Il existe aujourd’hui plusieurs dizaines de constellations de satellites miniatures dans le monde, partiellement en orbite ou à l’état de projet. Crédit : DNV GL

Les mégaconstellations

À ce jour, on recense plusieures dizaines de constellations de satellites miniatures, ou « smallsats », partiellement en orbite ou à l’état de projet. Elles sont notamment américaines, chinoises ou européennes, composées de 500 à plus de 10 000 satellites en orbite basse – entre 300 et 1 200 km d’altitude. Très en vogue, le concept du new space est apparu au début des années 2010 avec les cubesats, des satellites miniatures composés d’un assemblage de un à dix cubes de volume un litre.

Au départ destinés à des missions scientifiques et universitaires, les smallsats ont rapidement attiré l’attention des industriels, qui ont vu l’opportunité de concevoir des missions commerciales rémunératrices. En effet, qu’ils soient mini (100-500 kg), micro (10-100 kg), nano (1-10 kg) ou pico (0,1-1 kg), les smallsats qui composent les nouvelles générations de constellations en orbite basse (entre 300 et 1 500 km d’altitude) sont moins onéreux et plus rapides à fabriquer que les satellites classiques. Alors tout le monde s’y met, de plus en plus de pays et de plus en plus d’entreprises privées.

Photo portrait d'Elon Musk, patron de SpaceX, en costume gris foncé avec cravate, une maquette de navette spatiale à la main.
Elon Musk veut envoyer 42 000 minisatellites en orbite pour former sa constellation Starlink. Crédit : US Northern Command

Sans aucun doute, le projet le plus ambitieux est celui de la constellation Starlink de l’entreprise SpaceX. Fin 2021, déjà plus de 1 700 satellites ont été mis en orbite, et 12 000 engins sont prévus pour 2025. Le patron de SpaceX Elon Musk envisage même un total final de 42 000 smallsats ! L’objectif est de couvrir l’intégralité du globe dès septembre 2022, afin de donner un accès à Internet à toutes les zones, mêmes les plus isolées et dépourvues d’antennes terrestres.

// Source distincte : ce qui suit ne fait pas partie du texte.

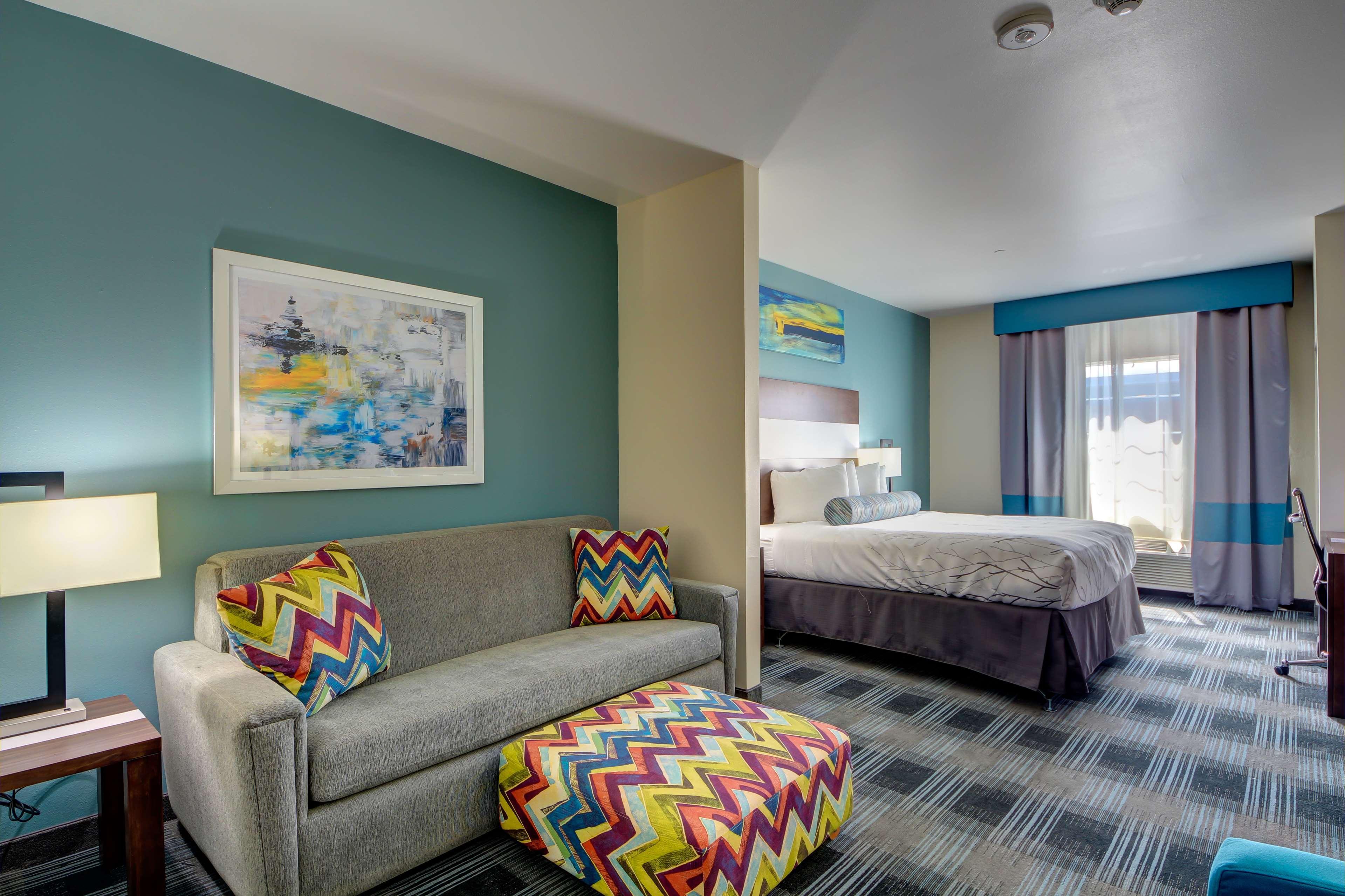 Best Western Plus Inn Of Muskogee Eksteriør billede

Le fondateur d’Amazon Jeff Bezos vise quant à lui la fin de l’année 2022 pour envoyer dans l’espace les deux premiers prototypes de satellites de sa future constellation Kuiper, qui en comprendra 3236 en 2029. La société OneWeb de son côté, prévoit de lancer 648 satellites d’ici 2022, sachant que fin 2021, près de la moitié sont déjà en orbite. Boeing et Samsung ne sont pas en reste, avec des projets à respectivement 2 400 et 4 000 satellites. Ainsi, tous projets confondus, on devrait dénombrer pas moins de 100 000 satellites en orbite d’ici une dizaine d’années…

Une gêne pour les astronomes

Avec la multiplication des satellites en orbite, de nouvelles problématiques apparaissent. Tout d’abord, ces objets représentent une gêne lumineuse importante pour l’observation du ciel nocturne. Les smallsats ont en effet une magnitude apparente comprise entre 3 et 7, suffisante pour être visibles à l’œil nu.

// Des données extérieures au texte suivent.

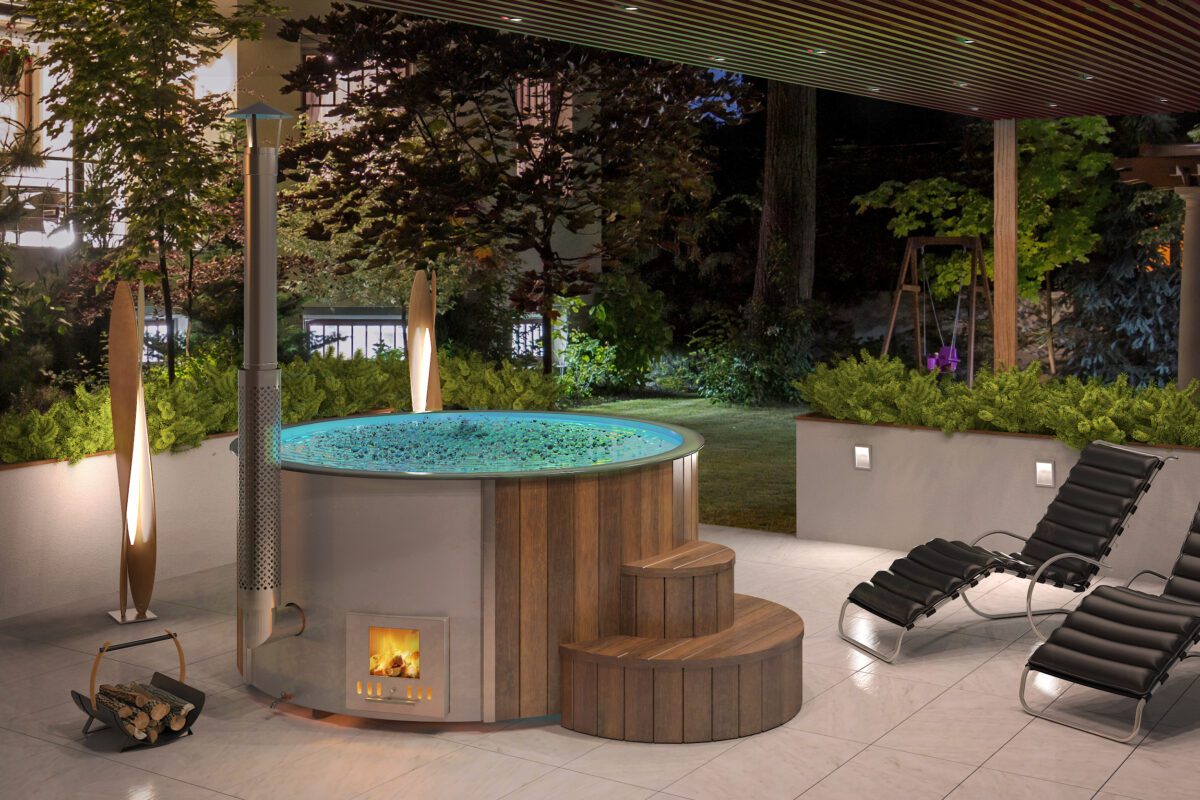 Delux Tub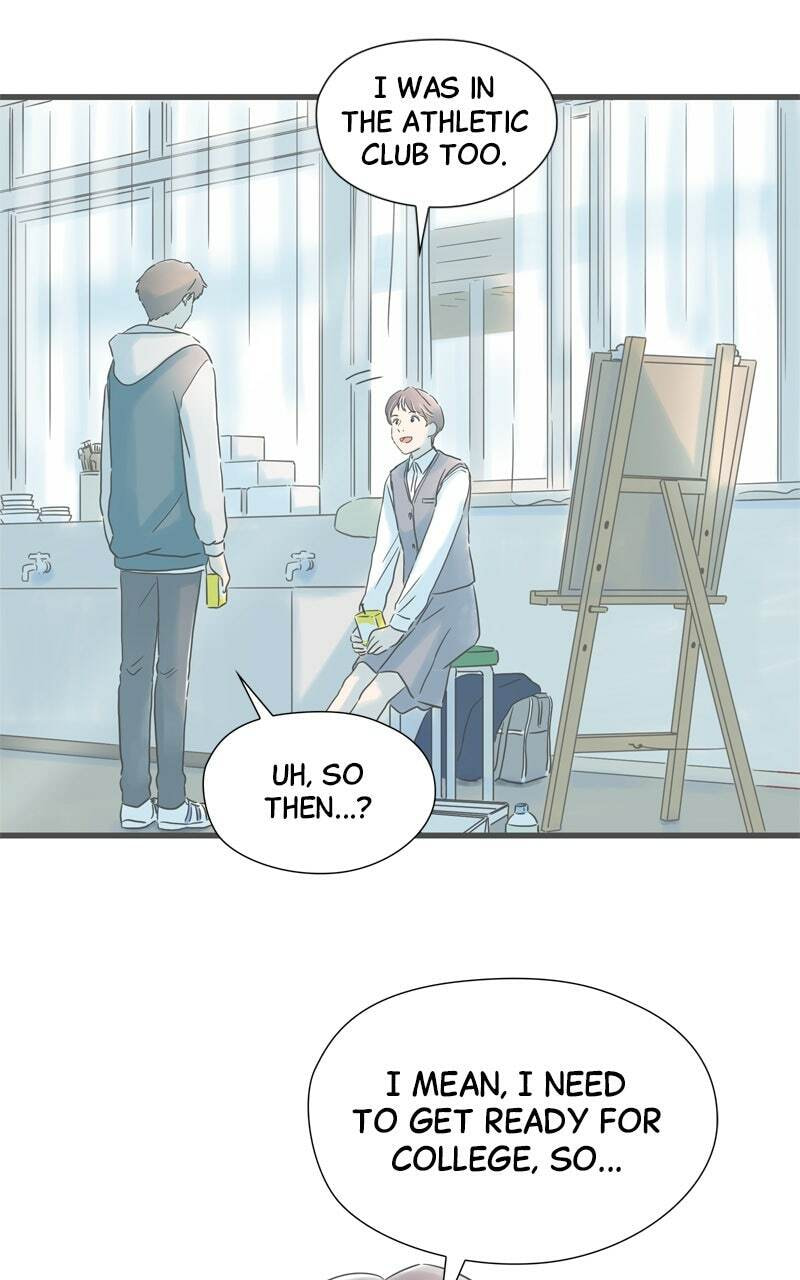 It Rains on Precious Days Chapter 189 page 34 -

« À peine 172 étoiles dans le ciel sont plus brillantes que les satellites Starlink« , explique un groupe d’astronomes professionnels italiens dans un article publié sur le site arXiv. Un phénomène qui pourrait avoir des conséquences sur le travail des professionnels de l’astronomie.

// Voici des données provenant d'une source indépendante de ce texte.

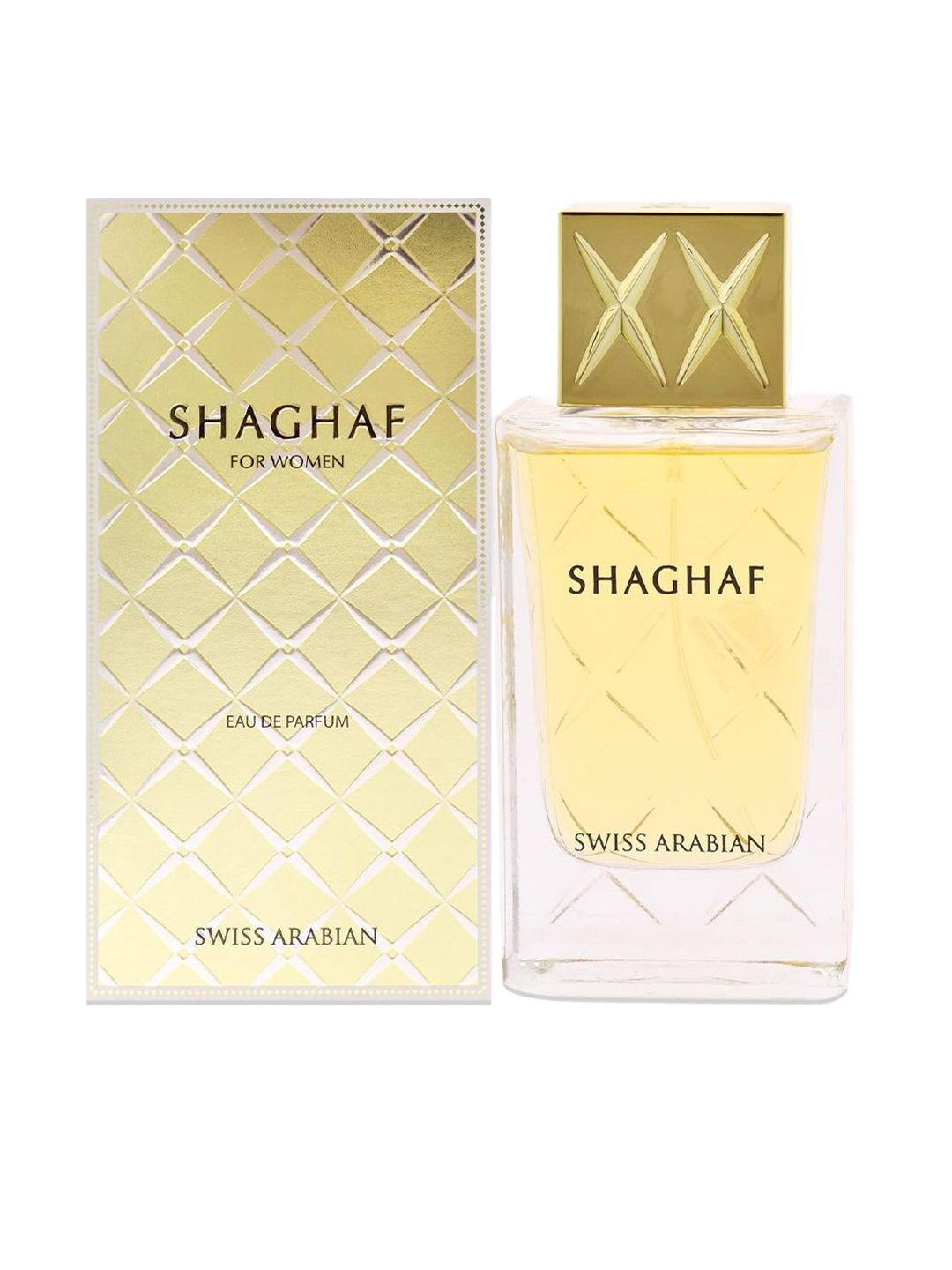 SWISS ARABIAN Women Shaghaf Eau De Parfum - 75 ml-picture-17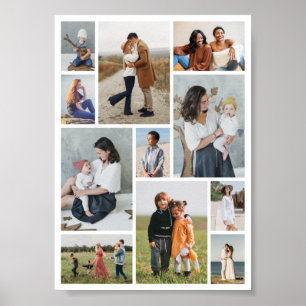 Affiche Créez votre propre collection photo 11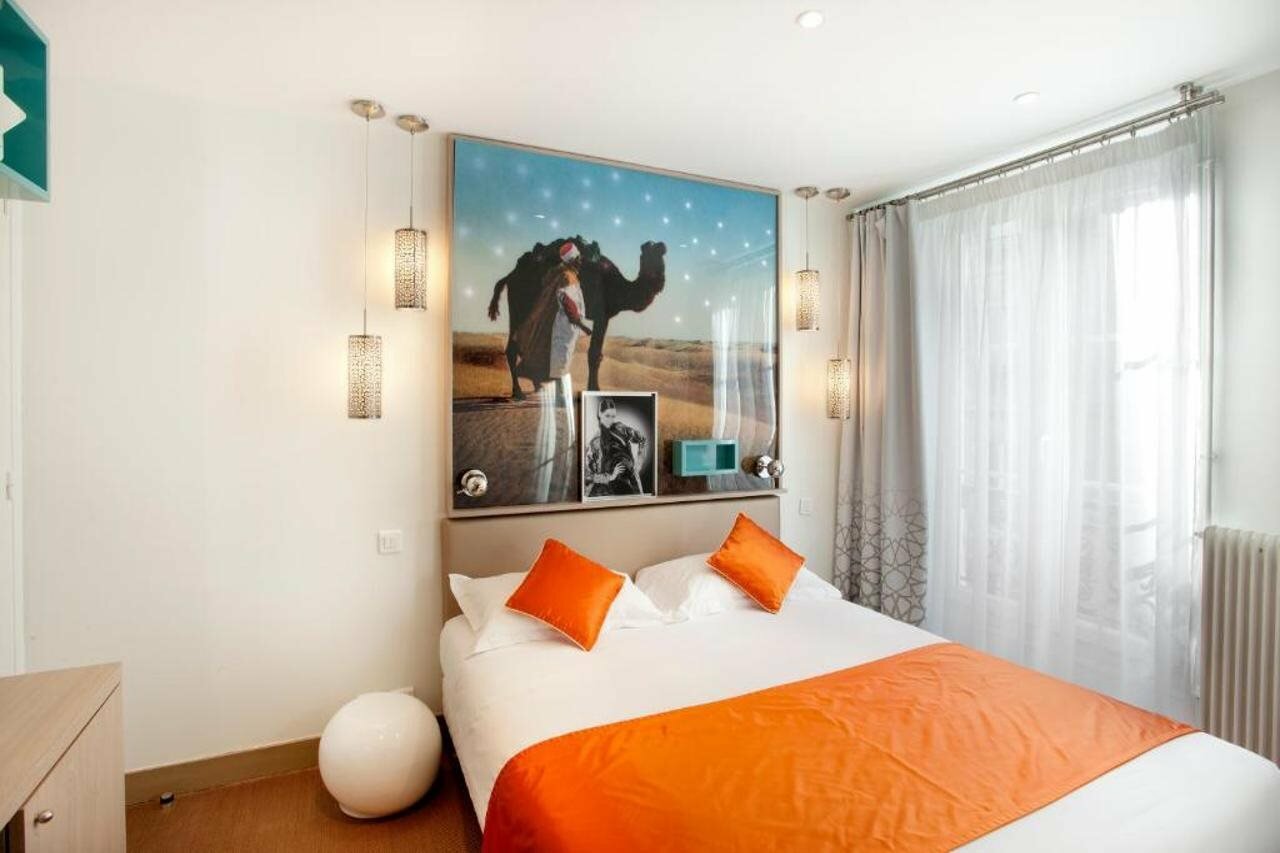 Фото Hotel Mayet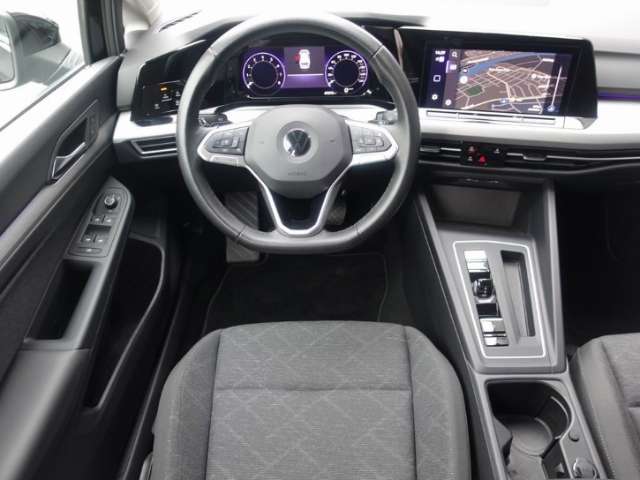 Fahrzeugbild eines Volkswagen Golf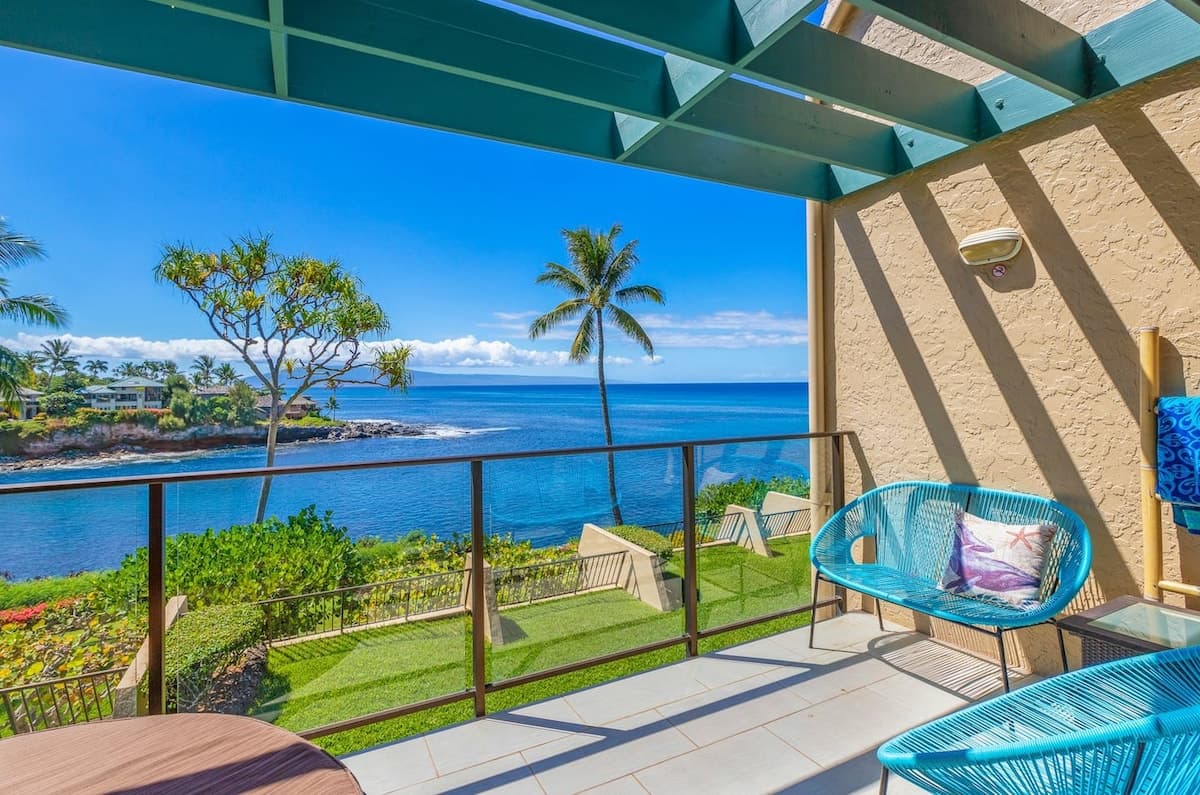 Oceanfront Paradise! Sea Turtle Cove C24 Napili Pt - Photo 3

Vue de la Voie lactée en haut de l'image au dessus des antennes du télescope ALMA.
Les satellites miniatures pourraient perturber les observations des télescopes au sol à l’aube et au crépuscule.Crédit : Y. Beletsky (LCO)/ESO

Des astronomes de l’Observatoire européen austral (ESO) ont indiqué que les mégaconstellations pouvaient interférer avec le travail des télescopes. D’une part à l’aube et au crépuscule, quand les satellites sont éclairés par la lumière du Soleil puisqu’ils n’émettent pas de lumière eux-mêmes. D’autre part en raison des interférences des télécommunications en ondes radio qui pourraient perturber le fonctionnement des radiotélescopes. En outre, les détecteurs des télescopes à grand champ – qui permettent de générer de très grands ensembles de données et de trouver des cibles d’observation pour de nombreux autres observatoires – pourraient se retrouver complètement saturés.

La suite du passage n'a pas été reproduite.